Irit moved from New York City into a gypsy cave




Some of the gypsies own horses and ponies




Iwan from Romania studied film in college




Saved the best for last: overflowing outdoor community toilet!


----------



## Andrea Van Scoyoc

OMG...my dream! I'd soooooo live there!!!

On a side note, Luis' dreadlocks are kick ass.


----------



## Tude

Very cool articles!


----------



## Kal

Awesome!!!!


----------



## Flemmings

Looks awesome. Wonder if there are any settlements like that here in the states. I would move there in a heartbeat.


----------



## Andrea Van Scoyoc

Lielanthris said:


> Looks awesome. Wonder if there are any settlements like that here in the states. I would move there in a heartbeat.



Same here. If not, I'd love to help start one.

Slab City is really cool, but desert isn't my thing.

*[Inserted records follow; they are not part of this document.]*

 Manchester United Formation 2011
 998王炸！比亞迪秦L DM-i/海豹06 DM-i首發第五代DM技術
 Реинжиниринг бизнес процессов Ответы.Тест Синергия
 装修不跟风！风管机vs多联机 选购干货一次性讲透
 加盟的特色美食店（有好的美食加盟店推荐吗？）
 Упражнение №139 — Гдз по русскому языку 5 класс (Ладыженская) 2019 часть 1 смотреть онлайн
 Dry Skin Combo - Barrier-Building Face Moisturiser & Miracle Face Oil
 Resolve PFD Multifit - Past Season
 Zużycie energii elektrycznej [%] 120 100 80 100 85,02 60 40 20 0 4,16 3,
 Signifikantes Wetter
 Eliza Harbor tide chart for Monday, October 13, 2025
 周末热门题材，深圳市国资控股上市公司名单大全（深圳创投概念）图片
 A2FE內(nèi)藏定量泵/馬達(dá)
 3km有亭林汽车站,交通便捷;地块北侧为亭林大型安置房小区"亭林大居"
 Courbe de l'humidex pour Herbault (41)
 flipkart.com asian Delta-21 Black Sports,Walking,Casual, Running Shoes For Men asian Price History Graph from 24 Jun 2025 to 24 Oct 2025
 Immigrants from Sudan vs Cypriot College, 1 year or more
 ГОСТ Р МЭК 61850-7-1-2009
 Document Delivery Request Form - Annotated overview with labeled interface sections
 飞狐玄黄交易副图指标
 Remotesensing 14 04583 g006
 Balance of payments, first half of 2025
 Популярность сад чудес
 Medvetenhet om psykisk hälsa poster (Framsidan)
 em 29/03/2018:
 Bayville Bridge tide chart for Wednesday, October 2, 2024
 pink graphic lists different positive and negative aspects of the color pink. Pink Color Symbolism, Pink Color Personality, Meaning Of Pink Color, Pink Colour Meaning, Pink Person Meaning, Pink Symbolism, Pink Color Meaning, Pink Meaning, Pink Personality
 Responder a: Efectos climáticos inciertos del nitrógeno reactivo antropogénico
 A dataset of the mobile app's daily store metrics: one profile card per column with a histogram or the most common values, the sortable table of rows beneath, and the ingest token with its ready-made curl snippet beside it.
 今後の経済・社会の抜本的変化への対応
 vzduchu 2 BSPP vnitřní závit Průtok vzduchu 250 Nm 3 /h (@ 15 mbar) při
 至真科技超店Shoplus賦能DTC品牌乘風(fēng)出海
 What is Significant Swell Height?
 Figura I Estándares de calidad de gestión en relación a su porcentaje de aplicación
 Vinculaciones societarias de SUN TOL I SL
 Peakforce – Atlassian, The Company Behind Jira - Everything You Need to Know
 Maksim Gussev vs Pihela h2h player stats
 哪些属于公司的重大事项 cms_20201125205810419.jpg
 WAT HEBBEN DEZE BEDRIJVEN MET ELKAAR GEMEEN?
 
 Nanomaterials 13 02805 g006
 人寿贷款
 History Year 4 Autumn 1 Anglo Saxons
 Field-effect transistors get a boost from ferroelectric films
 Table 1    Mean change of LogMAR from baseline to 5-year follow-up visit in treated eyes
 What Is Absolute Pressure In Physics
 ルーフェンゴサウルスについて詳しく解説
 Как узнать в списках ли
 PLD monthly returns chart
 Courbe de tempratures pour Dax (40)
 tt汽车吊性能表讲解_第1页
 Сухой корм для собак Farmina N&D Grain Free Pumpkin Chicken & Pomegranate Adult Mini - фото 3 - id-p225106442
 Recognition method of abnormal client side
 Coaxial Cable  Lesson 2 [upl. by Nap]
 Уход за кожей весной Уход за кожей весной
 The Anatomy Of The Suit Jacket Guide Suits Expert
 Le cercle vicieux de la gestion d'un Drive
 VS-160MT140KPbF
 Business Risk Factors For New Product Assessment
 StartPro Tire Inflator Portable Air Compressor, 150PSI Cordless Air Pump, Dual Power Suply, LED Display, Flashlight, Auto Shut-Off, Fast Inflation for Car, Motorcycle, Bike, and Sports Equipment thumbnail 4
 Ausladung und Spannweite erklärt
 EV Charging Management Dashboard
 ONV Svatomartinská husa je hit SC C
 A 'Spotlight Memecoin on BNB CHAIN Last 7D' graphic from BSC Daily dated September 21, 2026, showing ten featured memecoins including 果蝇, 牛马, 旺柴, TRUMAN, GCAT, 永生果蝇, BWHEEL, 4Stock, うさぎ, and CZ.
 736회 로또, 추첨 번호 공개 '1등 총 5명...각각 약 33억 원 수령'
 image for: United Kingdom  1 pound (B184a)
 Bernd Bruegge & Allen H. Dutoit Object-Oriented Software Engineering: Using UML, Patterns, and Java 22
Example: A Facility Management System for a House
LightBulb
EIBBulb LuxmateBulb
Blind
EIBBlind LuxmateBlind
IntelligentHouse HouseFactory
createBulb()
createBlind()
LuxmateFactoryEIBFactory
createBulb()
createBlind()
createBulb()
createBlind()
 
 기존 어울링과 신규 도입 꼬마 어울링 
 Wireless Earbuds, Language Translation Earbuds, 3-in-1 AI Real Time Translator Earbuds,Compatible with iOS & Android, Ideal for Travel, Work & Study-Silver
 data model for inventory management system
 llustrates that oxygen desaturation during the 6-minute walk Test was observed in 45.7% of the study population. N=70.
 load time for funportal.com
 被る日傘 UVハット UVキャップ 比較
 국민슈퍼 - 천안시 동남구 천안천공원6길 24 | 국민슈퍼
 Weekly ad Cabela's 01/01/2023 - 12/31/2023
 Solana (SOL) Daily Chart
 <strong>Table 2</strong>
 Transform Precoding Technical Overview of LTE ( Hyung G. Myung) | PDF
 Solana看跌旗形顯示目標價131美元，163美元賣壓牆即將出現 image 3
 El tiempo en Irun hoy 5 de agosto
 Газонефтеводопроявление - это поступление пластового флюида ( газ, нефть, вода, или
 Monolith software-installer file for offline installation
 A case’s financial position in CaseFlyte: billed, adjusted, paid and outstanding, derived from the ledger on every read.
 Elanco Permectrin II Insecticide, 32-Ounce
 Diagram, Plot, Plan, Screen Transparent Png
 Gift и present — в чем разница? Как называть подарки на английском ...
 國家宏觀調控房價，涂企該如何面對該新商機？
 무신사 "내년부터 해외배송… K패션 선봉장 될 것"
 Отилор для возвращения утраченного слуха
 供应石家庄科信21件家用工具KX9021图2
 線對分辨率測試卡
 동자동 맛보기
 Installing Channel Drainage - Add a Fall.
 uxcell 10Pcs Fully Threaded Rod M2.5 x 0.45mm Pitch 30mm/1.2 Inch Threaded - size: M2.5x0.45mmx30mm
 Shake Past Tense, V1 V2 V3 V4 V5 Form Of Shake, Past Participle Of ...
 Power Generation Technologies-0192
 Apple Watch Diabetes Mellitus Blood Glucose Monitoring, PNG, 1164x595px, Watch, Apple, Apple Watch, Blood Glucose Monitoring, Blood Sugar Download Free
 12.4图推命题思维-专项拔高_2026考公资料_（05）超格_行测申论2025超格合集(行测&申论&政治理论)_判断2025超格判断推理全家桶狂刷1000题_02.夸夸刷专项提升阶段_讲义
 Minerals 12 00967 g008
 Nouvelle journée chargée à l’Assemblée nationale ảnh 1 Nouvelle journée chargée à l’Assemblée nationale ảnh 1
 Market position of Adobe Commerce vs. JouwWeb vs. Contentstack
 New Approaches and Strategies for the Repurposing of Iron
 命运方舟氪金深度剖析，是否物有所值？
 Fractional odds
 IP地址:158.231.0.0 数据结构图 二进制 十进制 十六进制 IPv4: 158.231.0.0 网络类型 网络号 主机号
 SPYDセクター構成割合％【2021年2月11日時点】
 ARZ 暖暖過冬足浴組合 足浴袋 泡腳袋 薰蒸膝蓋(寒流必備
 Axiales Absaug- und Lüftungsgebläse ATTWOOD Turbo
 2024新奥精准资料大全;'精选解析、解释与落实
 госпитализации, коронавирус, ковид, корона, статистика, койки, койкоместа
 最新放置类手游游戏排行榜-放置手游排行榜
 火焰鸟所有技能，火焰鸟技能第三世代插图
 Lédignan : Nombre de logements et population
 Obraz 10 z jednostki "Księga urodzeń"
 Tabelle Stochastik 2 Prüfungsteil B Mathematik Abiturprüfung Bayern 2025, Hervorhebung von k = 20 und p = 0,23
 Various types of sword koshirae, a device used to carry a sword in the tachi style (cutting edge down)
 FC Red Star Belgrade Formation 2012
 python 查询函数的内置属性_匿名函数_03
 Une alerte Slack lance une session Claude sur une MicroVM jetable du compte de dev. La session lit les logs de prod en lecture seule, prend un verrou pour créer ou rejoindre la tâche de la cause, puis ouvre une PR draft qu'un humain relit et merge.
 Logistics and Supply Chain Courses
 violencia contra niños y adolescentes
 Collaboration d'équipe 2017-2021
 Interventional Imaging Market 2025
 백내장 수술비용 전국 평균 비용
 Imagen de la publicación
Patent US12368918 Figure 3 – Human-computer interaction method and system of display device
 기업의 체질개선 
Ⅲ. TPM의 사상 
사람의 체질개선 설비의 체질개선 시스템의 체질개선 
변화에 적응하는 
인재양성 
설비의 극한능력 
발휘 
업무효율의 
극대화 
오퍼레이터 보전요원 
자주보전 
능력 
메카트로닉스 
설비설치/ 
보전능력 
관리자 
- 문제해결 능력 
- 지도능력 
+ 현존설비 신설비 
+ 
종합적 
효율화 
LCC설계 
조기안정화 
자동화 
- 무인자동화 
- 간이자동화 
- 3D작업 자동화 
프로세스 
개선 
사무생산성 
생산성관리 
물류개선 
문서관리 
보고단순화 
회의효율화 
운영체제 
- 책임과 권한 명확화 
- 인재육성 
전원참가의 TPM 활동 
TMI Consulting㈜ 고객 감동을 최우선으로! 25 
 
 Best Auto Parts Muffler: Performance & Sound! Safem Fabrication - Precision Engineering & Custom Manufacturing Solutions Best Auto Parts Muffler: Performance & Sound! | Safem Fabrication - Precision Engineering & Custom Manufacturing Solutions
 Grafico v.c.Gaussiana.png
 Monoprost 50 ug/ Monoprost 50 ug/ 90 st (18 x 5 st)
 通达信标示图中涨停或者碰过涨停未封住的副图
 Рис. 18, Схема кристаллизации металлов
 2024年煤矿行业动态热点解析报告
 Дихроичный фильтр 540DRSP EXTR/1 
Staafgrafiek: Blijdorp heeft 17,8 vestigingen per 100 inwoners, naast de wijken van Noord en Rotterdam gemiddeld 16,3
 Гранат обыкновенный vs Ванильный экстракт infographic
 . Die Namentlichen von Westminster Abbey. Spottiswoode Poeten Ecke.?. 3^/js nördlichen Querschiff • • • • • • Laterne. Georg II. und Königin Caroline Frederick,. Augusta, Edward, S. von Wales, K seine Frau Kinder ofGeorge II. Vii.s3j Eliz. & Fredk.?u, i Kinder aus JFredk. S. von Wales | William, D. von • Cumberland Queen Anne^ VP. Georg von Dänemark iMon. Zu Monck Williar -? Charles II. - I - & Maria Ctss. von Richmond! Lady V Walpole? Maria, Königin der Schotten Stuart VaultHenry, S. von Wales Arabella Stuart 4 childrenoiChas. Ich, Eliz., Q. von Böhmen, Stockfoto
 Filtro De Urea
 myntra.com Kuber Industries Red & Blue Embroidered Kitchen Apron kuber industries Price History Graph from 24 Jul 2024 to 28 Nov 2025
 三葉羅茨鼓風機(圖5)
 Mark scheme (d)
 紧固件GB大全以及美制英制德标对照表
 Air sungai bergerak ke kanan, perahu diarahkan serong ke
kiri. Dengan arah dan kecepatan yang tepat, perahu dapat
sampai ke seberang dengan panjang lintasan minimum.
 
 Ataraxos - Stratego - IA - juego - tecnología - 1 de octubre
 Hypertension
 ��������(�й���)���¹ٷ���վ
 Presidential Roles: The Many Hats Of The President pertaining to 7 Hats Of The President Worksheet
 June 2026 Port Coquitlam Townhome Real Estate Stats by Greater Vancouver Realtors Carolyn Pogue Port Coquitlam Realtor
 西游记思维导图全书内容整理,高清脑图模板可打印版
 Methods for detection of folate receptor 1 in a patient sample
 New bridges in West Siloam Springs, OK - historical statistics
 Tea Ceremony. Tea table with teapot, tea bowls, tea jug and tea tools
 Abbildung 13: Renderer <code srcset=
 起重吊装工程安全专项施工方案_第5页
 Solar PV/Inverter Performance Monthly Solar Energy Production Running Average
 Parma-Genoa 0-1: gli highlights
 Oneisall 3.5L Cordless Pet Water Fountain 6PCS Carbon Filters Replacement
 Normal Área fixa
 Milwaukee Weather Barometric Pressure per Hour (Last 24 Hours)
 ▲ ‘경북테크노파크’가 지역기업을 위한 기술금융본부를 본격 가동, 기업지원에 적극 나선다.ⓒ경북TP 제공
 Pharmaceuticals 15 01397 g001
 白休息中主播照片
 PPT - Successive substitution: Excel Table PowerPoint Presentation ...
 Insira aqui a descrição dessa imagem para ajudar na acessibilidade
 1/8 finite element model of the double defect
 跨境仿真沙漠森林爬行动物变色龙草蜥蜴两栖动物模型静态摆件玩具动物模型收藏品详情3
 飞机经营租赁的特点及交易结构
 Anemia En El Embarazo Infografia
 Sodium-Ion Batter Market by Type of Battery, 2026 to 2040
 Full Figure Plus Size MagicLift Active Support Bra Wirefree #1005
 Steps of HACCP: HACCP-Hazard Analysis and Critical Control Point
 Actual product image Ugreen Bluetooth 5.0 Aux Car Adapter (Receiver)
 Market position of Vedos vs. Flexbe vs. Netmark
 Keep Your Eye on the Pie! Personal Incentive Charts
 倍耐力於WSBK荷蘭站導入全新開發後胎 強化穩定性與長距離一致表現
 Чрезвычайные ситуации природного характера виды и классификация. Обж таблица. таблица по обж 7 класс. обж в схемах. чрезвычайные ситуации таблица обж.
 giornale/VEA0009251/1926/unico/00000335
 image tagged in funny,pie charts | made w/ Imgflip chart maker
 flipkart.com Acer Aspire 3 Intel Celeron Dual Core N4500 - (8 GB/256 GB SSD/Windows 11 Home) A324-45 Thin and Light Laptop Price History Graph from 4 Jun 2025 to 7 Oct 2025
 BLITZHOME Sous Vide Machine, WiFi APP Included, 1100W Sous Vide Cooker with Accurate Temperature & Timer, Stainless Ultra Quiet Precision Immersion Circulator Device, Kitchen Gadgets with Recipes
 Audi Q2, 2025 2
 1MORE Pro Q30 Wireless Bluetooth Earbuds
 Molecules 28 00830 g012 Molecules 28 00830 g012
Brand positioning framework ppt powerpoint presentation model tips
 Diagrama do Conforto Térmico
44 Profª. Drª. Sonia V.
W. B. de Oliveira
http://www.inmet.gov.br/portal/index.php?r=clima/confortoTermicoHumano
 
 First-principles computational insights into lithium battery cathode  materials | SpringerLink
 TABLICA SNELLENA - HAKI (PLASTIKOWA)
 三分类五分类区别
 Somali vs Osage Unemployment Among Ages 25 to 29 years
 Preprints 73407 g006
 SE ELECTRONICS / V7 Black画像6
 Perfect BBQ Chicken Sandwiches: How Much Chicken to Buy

I'd like to visit, but not live there. I'd love to start or help start a commune somewhere where there's access to shade, water and would be good to grow a garden.


----------



## warlo

I have to correct the article by saying that none of the people mentioned or pictured there are actual Gypsies. While I dont mean that all gypsies are hard to manage, by experience and knowing that place, I would say that this person hasnt come in contact with the actual gypsies living there, there are many valleys there and some are used more by hippie/punks and others, some are families and some are mainly used by gypsies, which most of them are not very happy about the others. 
I guess that as many people do, this person confused a Romanian person with a Gypsie, which is quite like thinking all Romanians are dracula as well. Another thing could be to disguise travelers as Gypsies, which happens a lot around europe (and i guess also in the US) which while maybe not being harmful is technically incorrect


----------



## Andrea Van Scoyoc

Well, for my part, I didn't take offense to the mixing up of the Gypsy/gypsie cultures.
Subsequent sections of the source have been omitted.